Partition (/dev/sda2)

Physical Volume (PV)

Volume Group (VG)

Logical Volume (LV)

Filesystem (ext4/xfs)

If you do not understand this chain, you cannot safely extend storage under pressure. Each layer serves a purpose — skipping the understanding creates incidents.

2. Why LVM Matters

Without LVM:

  • Partition sizes are fixed at install time
  • Resizing requires unmounting and risks data loss
  • Adding capacity requires planning downtime

With LVM:

  • Logical volumes grow without unmounting
  • Storage can be added dynamically from new disks
  • Capacity planning becomes flexible and safe

LVM introduces an abstraction layer between physical disks and filesystems.

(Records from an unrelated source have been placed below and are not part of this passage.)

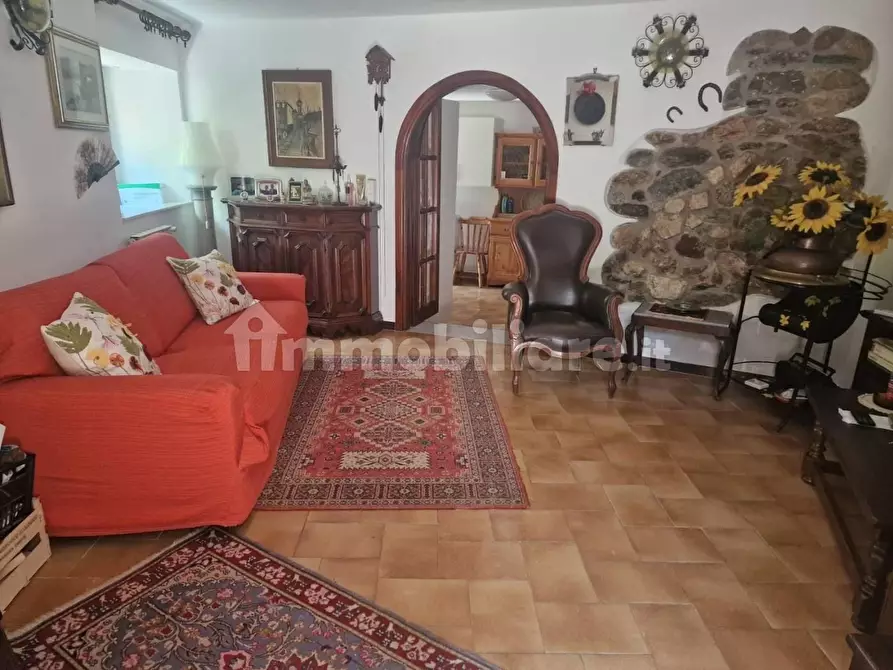 Immagine 15 di Casa semindipendente in vendita  a Carrara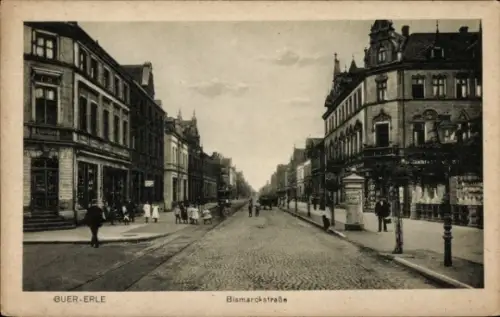 Ak Bismarck Gelsenkirchen im Ruhrgebiet, Bismarckstraße, Straßenansicht, Menschen auf der Straße,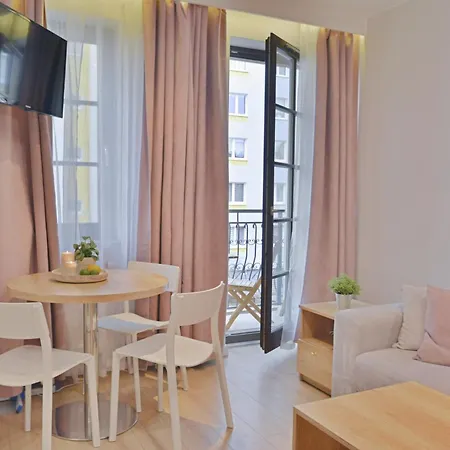 Sunset - Kwartal Rozy Wiatrow - Garaz - Przy Parku Zdrojowym *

That abstraction is what enables production-grade storage operations without downtime.

3. Inspecting Your Current Storage

Before making any changes, understand what you have.

Terminal
# List all block devices and their relationships
lsblk

# Check filesystem usage
df -h

# Inspect LVM physical volumes
sudo pvs

# Inspect LVM volume groups
sudo vgs

# Inspect LVM logical volumes
sudo lvs

Do not proceed until you can answer:

  • Which device holds the root filesystem?
  • Is LVM currently in use?
  • How much free space exists in the volume group?

4. Designing a Better Storage Layout

Default installations place everything under /. This is acceptable for basic systems — not acceptable for engineered infrastructure.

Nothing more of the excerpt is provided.